The sewage system – such as it is
-- is overwhelmed. (You get a pretty clear picture of this on most days flying
into Tel Aviv airport over the mud-colored waste that flows directly into the
Mediterranean Sea from Gaza.)
The unemployment rate in Gaza is over 30 per cent.
The vast majority of the population is not originally “from” Gaza. They
are the direct descendants of Palestinians who fled or were driven from their
homes in what is now Israel during the 1948 Arab-Israeli war. They have been
refugees for more than half a century now in a place that originally was viewed
as a temporary haven.
Israeli mythology asserts that those who fled were enthusiastically following
the exhortations of the Arab states that were so confident of victory that they
soon would be able to return to their homes. Most of those who fled though were
just trying to get out of the way. Many others were driven from their homes by
the Israelis. Whole Arab villages were wiped out in the process.

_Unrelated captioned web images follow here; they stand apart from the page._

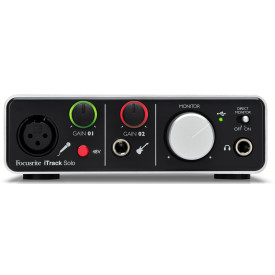 FOCUSRITE ITRACK SOLO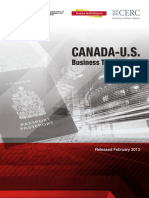 222 Canada US Business Travel Guide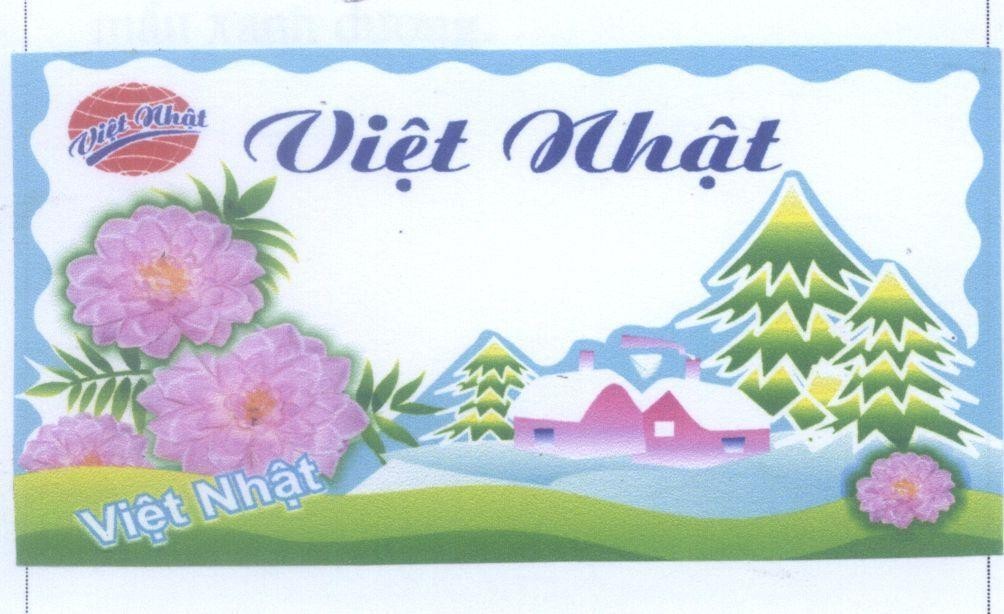Mẫu nhãn hiệu Việt Nhật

And here is a most important fact in any discussion about the difference
today between the Israeli experience in Israel and the Palestinian experience
in Gaza. It is a difference that no one seems to be talking about.
An Israeli family that feels
threatened by the rockets from Gaza can move to a safer place, even leave
Israel for a safer country any time they want to.
A Palestinian family in the Gaza Strip cannot do that. At one end of the
Gaza Strip Israel controls the border and hardly anyone is allowed out. At the
other end Egypt controls the border and hardly anyone is allowed out that way.
There is no airport for Palestinians to fly out. Leaving by boat is not
possible. The Israel navy has the coastline blocked.
So Gaza is a trap. And the people trapped there are being killed or
wounded by the hundreds and thousands. They must be terrified. And they must be
enraged. Enraged enough to want to kill their lifelong enemies. And given that
Washington supplies Israel with weaponry that goes far beyond the stuff needed
for the protective shield that has worked so successfully against missiles
launched from Gaza, it’s hardly surprising that Americans are also considered
the enemy.
.
And these Palestinians are not going away. Instead the entrapped and
enraged population of Gaza (not to mention the West Bank) increases
exponentially. Thirty years ago the population was half a million. Today it is
three times as many and growing.
Thirty years ago Yasser Arafat’s Palestine Liberation Organization was
the pariah that Hamas is treated as today. What, then, will tomorrow bring us
and them?
Probably something a lot scarier. Try the Islamic State in Palestine.
Thank you for this calm, direct explanation of the catastrophe of the last weeks. I once supported Israel 100%. That is no longer possible. Can I use your fine synopsis of the Gaza tragedy when my fellow Americans ask me why "they" hate us so much?